今現在他の魔族と戦闘中かもしれないのにこいつまで追加されたら結果はもう目に見えている。
カノンならメメントがここまで追い付いてきた事にも感付いているはずだが、動きが無いという事は向こうでも何かあったのかもしれないし。
「待ってやらん。その様子じゃともはや足止めも出来んじゃろう?」
……ぐうの音も出ない。
タルタロスさんももう完全に委縮してしまっているし……。
「……そうじゃ、よいことを思いついたわ。おぬしを持っていくことにしよう」
「も……持っていく……?」
「おぬしらは好き合っておるんじゃろ?わしはそういうのにも詳しいからのう、見ておれば分かる。そういった奴らは時たま異様な連携能力を発揮したりするもんじゃ。さっきのおぬしらみたいにの。……じゃが逆に互いが互いの弱点になる事も知っておる。御するには丁度良い」
そう言うとメメントはまるでそこらに落ちていた雑巾でも拾うかのように、おもむろに僕の首根っこを鷲掴みにする。
僕にはそれに抵抗する力なんて残ってない。
メメントはそのまま僕を引き摺りながら先へ歩き始めた。
本当に物として扱われている事に憤りを感じもするが、そんな事を抗議したところで何にもならない。
この状態からどうすればいいんだ僕は……。
「まったく、犬に手を噛まれた気分じゃな。じゃれてくる程度じゃったらわしも適当に遊んでやるだけで済んだんじゃがのう」
溜息交じりにそんなことを言う。
何様のつもりだ……とか、もうその程度の恨み節しか出てこない。
実際のところ、これだけの力を持てば俺様状態になってしまうのもさもありなんだ。
いや待て、このまま連れて行かれるって事はヴアルさんの瘴気にどんどん近付いて行くって事になる。
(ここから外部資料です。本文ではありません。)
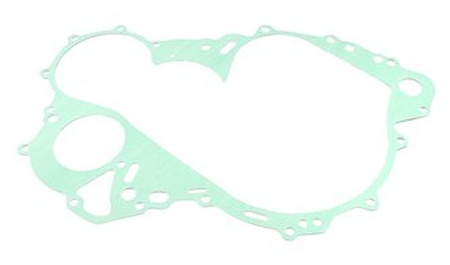 ATHENA USZCZELKA POKRYWY SPRZĘGŁA APRILIA RSV1000 '98-'08, ETV 1000 CAPONORD '01-'07, RSV 1000 TUONO '02-'09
何もしなければ僕は魔物化が発症して血液操作の能力が使えるようになるはずだ。
相手と直接接触しているこの状態なら一撃必殺が狙えるじゃないか。
……問題は何もしないでいる事だが。
メメントの能力を回避するために、僕は現在「ステータスリセット」を常時発動させているが、同時に魔物化もリセットされてしまうからそれを解除する必要がある事が問題だ。
能力で懐柔されては元も子もない。
僕には能力が効かないと諦めていてくれればいいのだが。
はたして実行するべきなのか?
裏目に出た場合のリスクが高すぎるのが重大な問題だ。
魔物化は我を失う可能性があるし、リセットが間に合わなければどうなってしまうか分からない。
しかしそれでも……、やらなきゃこの状況は打開できないか……。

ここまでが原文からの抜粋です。